Borders of Strings

What is a Border?

A border of a string $s$ of length $n$ is a string that is simultaneously a proper prefix and a proper suffix of $s$. “Proper” means the border cannot be the entire string itself.

For example, consider $s = \texttt{abacaba}$.

Border	Length
$\texttt{a}$	1
$\texttt{aba}$	3
$\texttt{abacaba}$	7 (not proper, so not a border)

The longest border of $\texttt{abacaba}$ is $\texttt{aba}$ with length 3.

Another example: $s = \texttt{aabaaab}$.

Prefix	Suffix	Match?
$\texttt{a}$	$\texttt{b}$	No
$\texttt{aa}$	$\texttt{ab}$	No
$\texttt{aab}$	$\texttt{aab}$	Yes
$\texttt{aaba}$	$\texttt{aaab}$	No
$\texttt{aabaa}$	$\texttt{baaab}$	No
$\texttt{aabaaa}$	$\texttt{abaaab}$	No

So the only border of $\texttt{aabaaab}$ is $\texttt{aab}$, with length 3.

And for $s = \texttt{abcde}$, there are no borders at all.

The Failure Function (KMP Prefix Function)

The failure function $\pi$ is the core of the KMP algorithm. For a string $s$ of length $n$:

$$\pi[i] = \text{length of the longest proper border of } s[0 \ldots i]$$

In other words, $\pi[i]$ is the largest $k < i + 1$ such that $s[0 \ldots k-1] = s[i-k+1 \ldots i]$.

We set $\pi[0] = 0$ since a single character has no proper border.

Example: $s = \texttt{abacabab}$

$i$	$s[0 \ldots i]$	Longest border	$\pi[i]$
0	$\texttt{a}$	(none)	0
1	$\texttt{ab}$	(none)	0
2	$\texttt{aba}$	$\texttt{a}$	1
3	$\texttt{abac}$	(none)	0
4	$\texttt{abaca}$	$\texttt{a}$	1
5	$\texttt{abacab}$	$\texttt{ab}$	2
6	$\texttt{abacaba}$	$\texttt{aba}$	3
7	$\texttt{abacabab}$	$\texttt{ab}$	2

Computing the Failure Function

The key idea: if $s[i] = s[\pi[i-1]]$, then $\pi[i] = \pi[i-1] + 1$. Otherwise, we “fall back” along the border chain: try matching $s[i]$ against $s[\pi[\pi[i-1]-1]]$, and so on, until we find a match or exhaust all borders.
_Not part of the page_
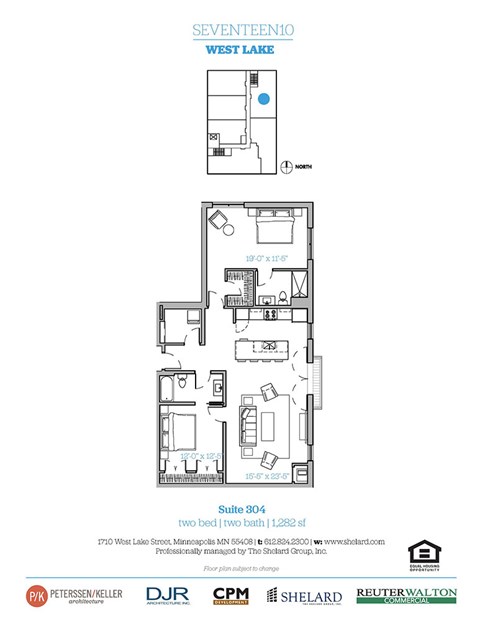 Floor plan for 2 beds, 2 baths, 1282 sqft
vector<int> compute_prefix_function(const string& s) {
    int n = s.size();
    vector<int> pi(n, 0);
    for (int i = 1; i < n; i++) {
        int j = pi[i - 1];
        while (j > 0 && s[i] != s[j])
            j = pi[j - 1];
        if (s[i] == s[j])
            j++;
        pi[i] = j;
    }
    return pi;
}

Time complexity: $O(n)$. Even though there is a while loop inside the for loop, $j$ increases at most once per iteration and each decrease in the while loop is strictly reducing $j$, so the total number of decreases across all iterations is at most $n$.

Enumerating All Borders

All borders of $s[0 \ldots n-1]$ can be found by following the failure chain starting from $\pi[n-1]$:

$$\pi[n-1], \quad \pi[\pi[n-1] - 1], \quad \pi[\pi[\pi[n-1] - 1] - 1], \quad \ldots$$

until we reach 0. Each value in this chain is the length of a border.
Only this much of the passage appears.